__WORK INSTRUCTION__. Transcribe the data as written, minus images.
....
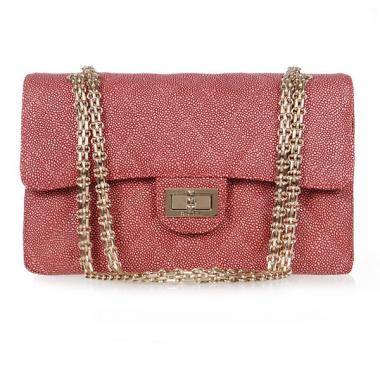 Chanel 2.55 Reissue Flap 1112 Red Small Cross Body Bag Replica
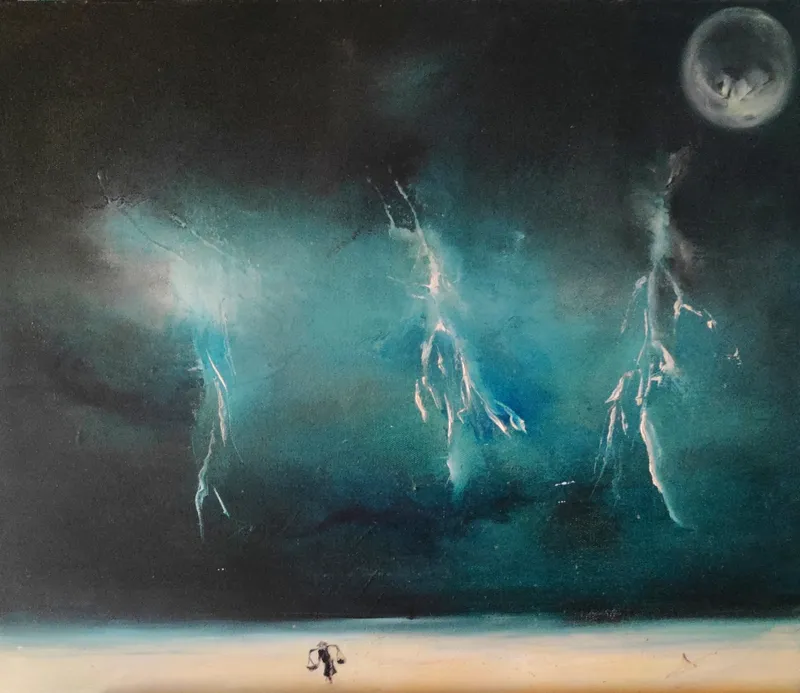 l'orage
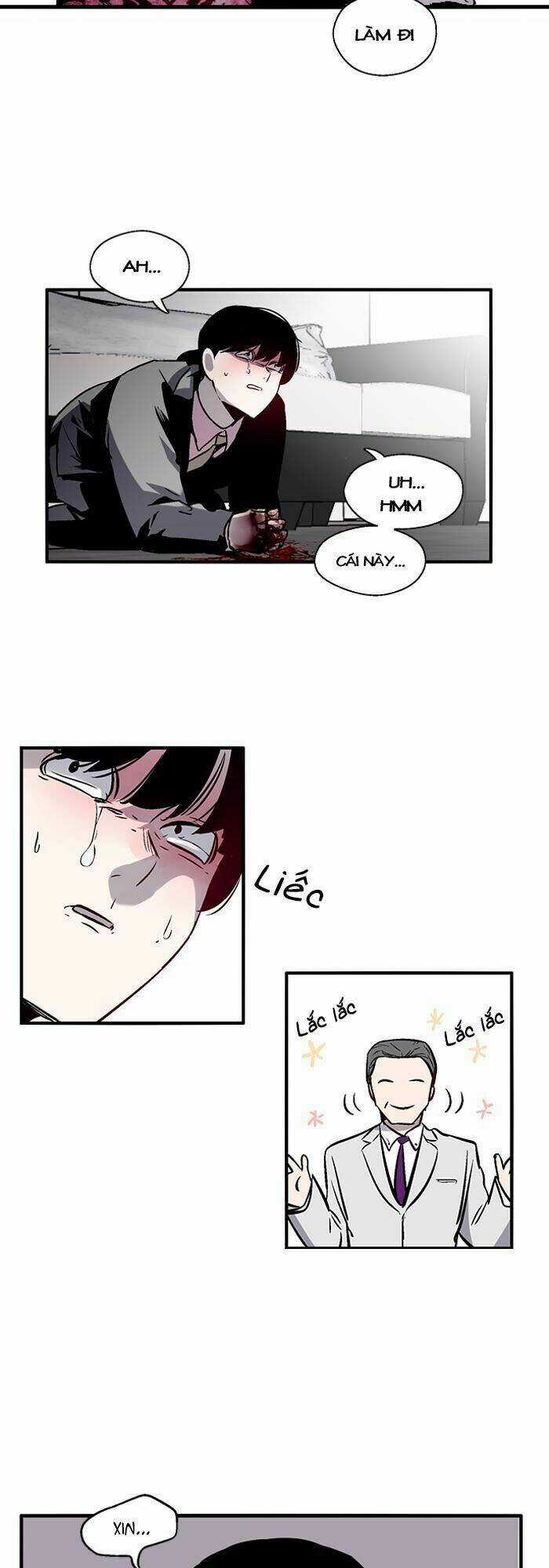 Người máy hủy diệt Chapter 67 trang 13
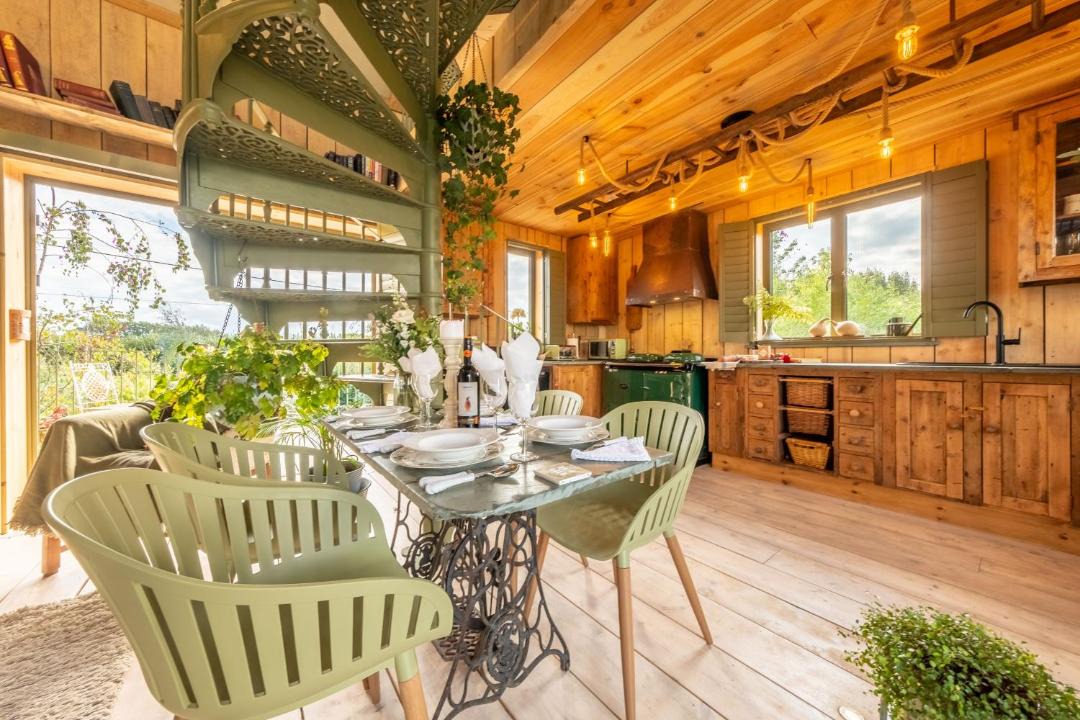 Photo of Patio Balcony in Upper Dicker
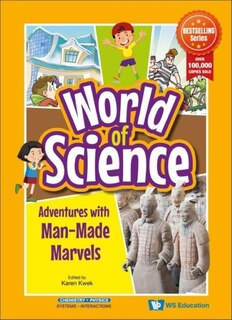Front cover_Adventures With Man-made Marvels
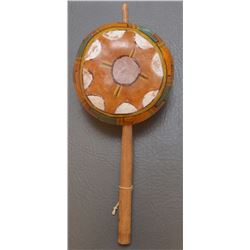 PUEBLO DANCE RATTLE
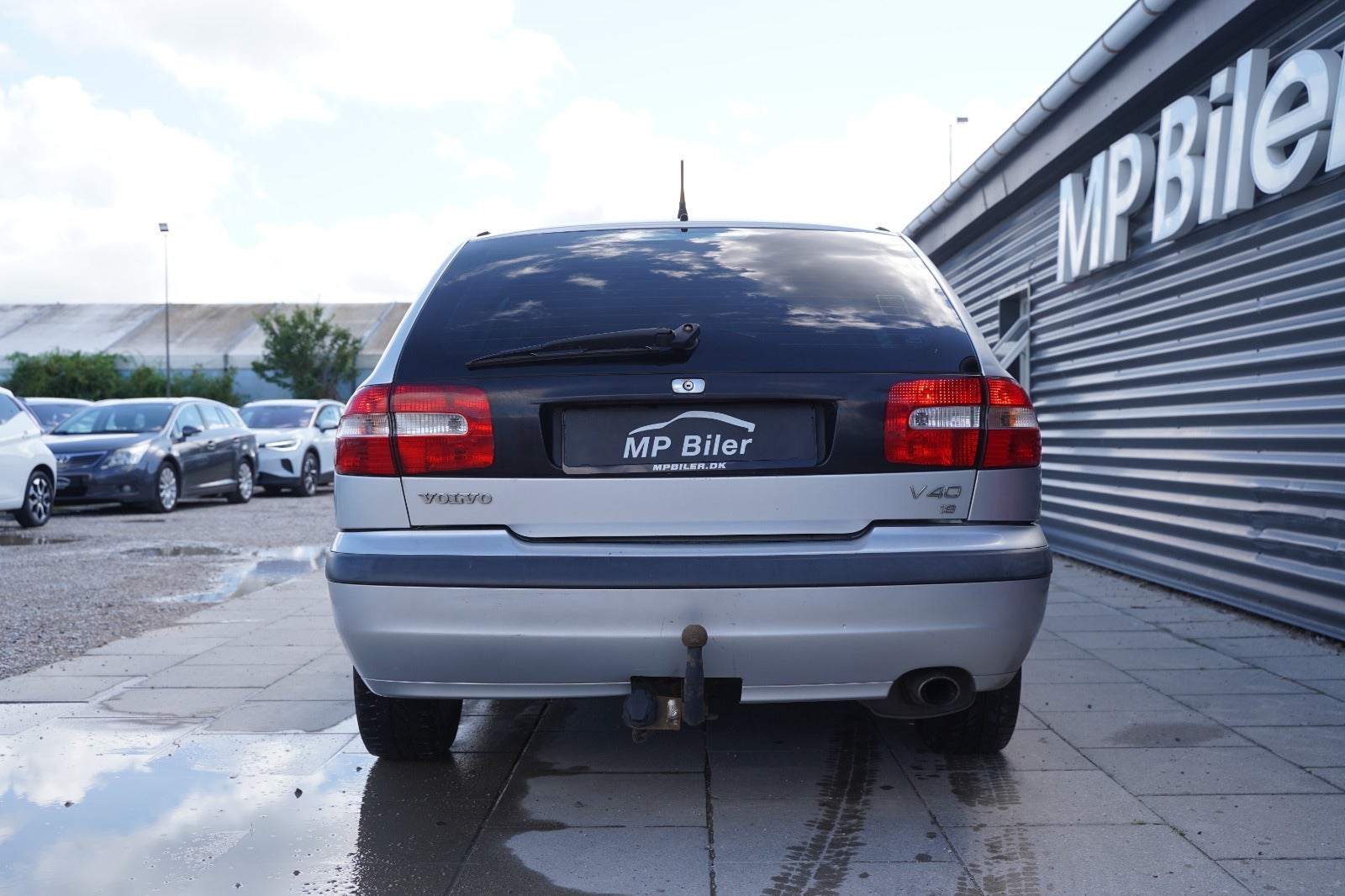 Billede af Volvo V40 1,8 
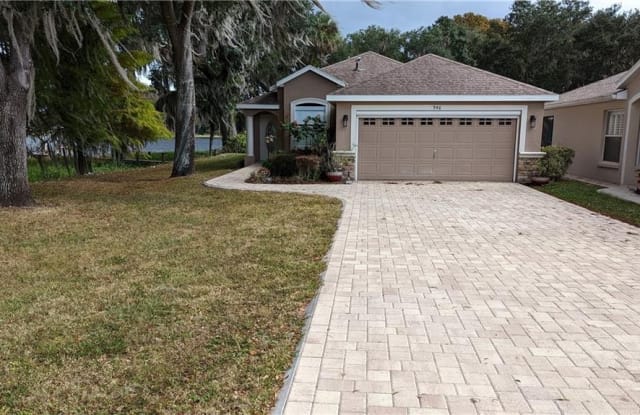 946 Pritchard Island Road - 946 Pritchard Island Road, Inverness, FL 34450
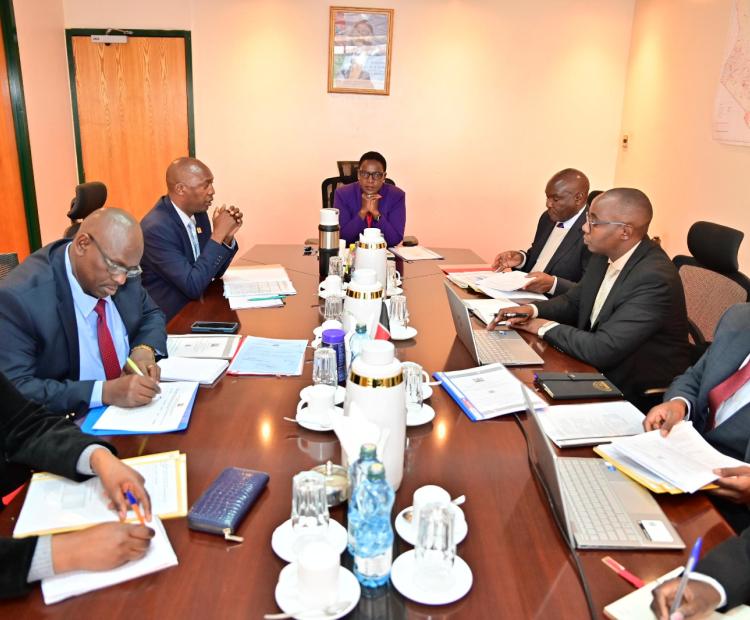 PRISON FARMS AND ENTERPRISES SET FOR REVAMP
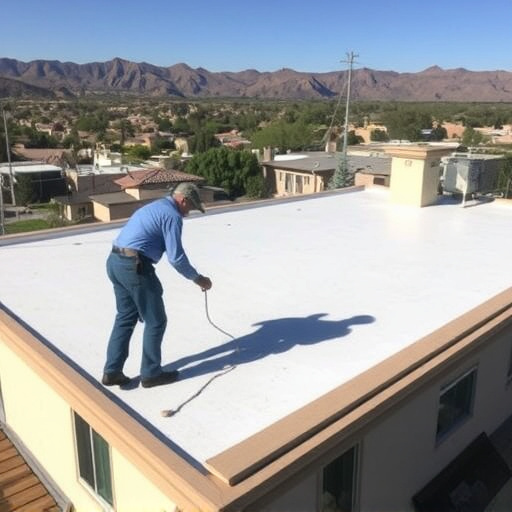 Flat Roof Services Oro Valley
....
__TASK SOLUTION__.
 Chanel 2.55 Reissue Flap 1112 Red Small Cross Body Bag Replica
 l'orage
 Người máy hủy diệt Chapter 67 trang 13
 Photo of Patio Balcony in Upper Dicker
Front cover_Adventures With Man-made Marvels
 PUEBLO DANCE RATTLE
 Billede af Volvo V40 1,8 
 946 Pritchard Island Road - 946 Pritchard Island Road, Inverness, FL 34450
 PRISON FARMS AND ENTERPRISES SET FOR REVAMP
 Flat Roof Services Oro Valley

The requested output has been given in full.